▶ Directions: In the entries that follow, the lines from the one with "outdoor portrait of" through the one with "A pair of adult-sized" are the ones to write out, exactly and with both ends included. Nothing else should appear.

▶ Entries supplied:

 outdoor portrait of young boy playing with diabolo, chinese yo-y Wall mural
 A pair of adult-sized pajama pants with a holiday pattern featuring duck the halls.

* * *

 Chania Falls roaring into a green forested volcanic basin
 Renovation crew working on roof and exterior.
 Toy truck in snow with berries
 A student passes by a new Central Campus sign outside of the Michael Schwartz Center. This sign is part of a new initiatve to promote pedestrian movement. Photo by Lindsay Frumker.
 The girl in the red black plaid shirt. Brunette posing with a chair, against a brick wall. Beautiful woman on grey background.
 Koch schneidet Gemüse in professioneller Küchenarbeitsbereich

==

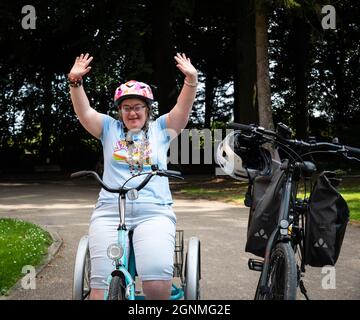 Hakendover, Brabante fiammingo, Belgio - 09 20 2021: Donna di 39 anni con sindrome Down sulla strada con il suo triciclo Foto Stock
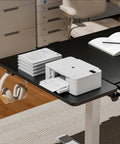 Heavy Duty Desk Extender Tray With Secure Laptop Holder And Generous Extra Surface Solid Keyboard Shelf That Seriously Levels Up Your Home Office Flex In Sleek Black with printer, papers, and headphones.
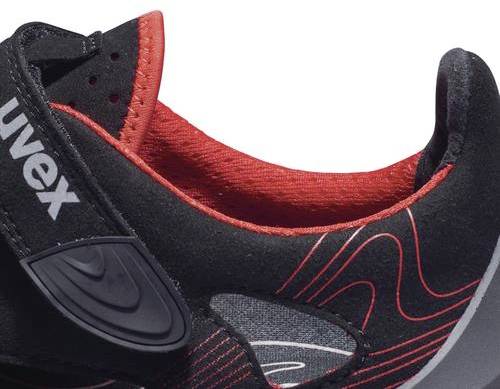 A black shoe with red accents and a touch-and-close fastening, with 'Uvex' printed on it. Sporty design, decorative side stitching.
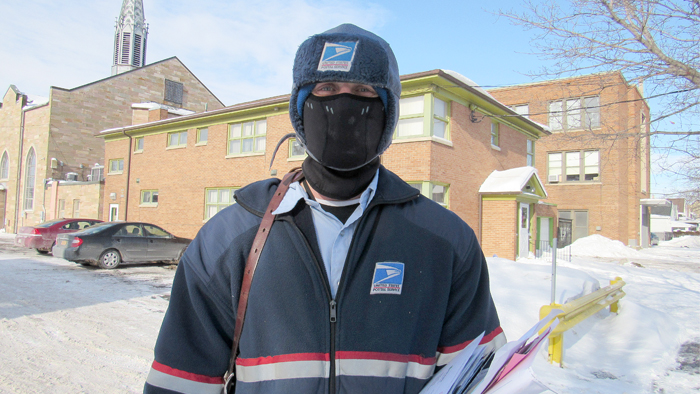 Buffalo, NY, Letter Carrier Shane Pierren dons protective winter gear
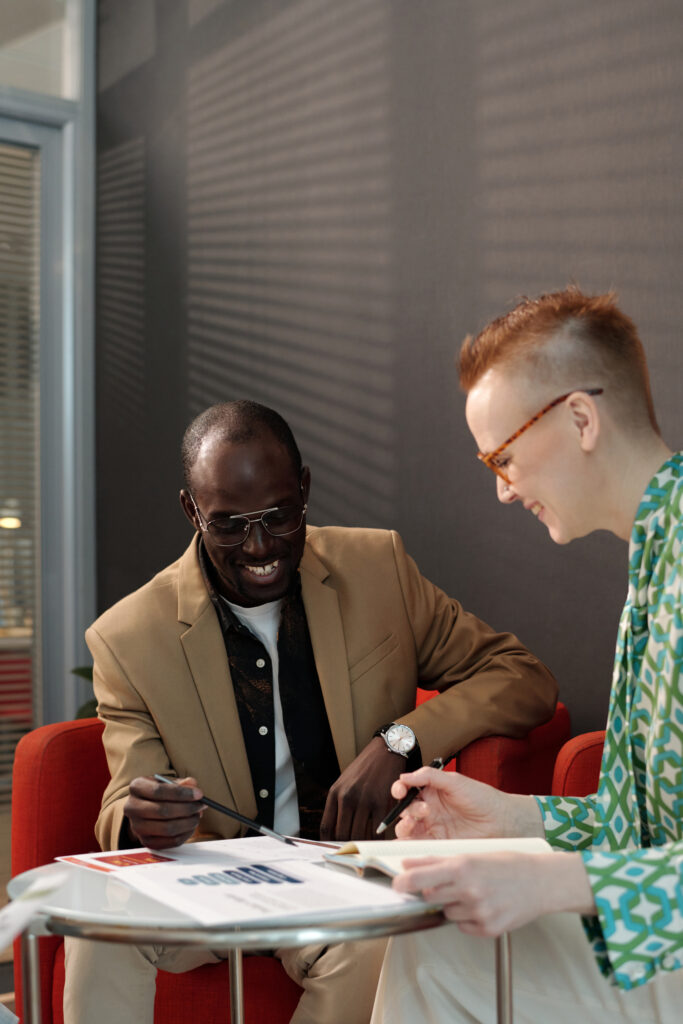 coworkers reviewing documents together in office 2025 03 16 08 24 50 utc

▶ Finished task:
 outdoor portrait of young boy playing with diabolo, chinese yo-y Wall mural
 A pair of adult-sized pajama pants with a holiday pattern featuring duck the halls.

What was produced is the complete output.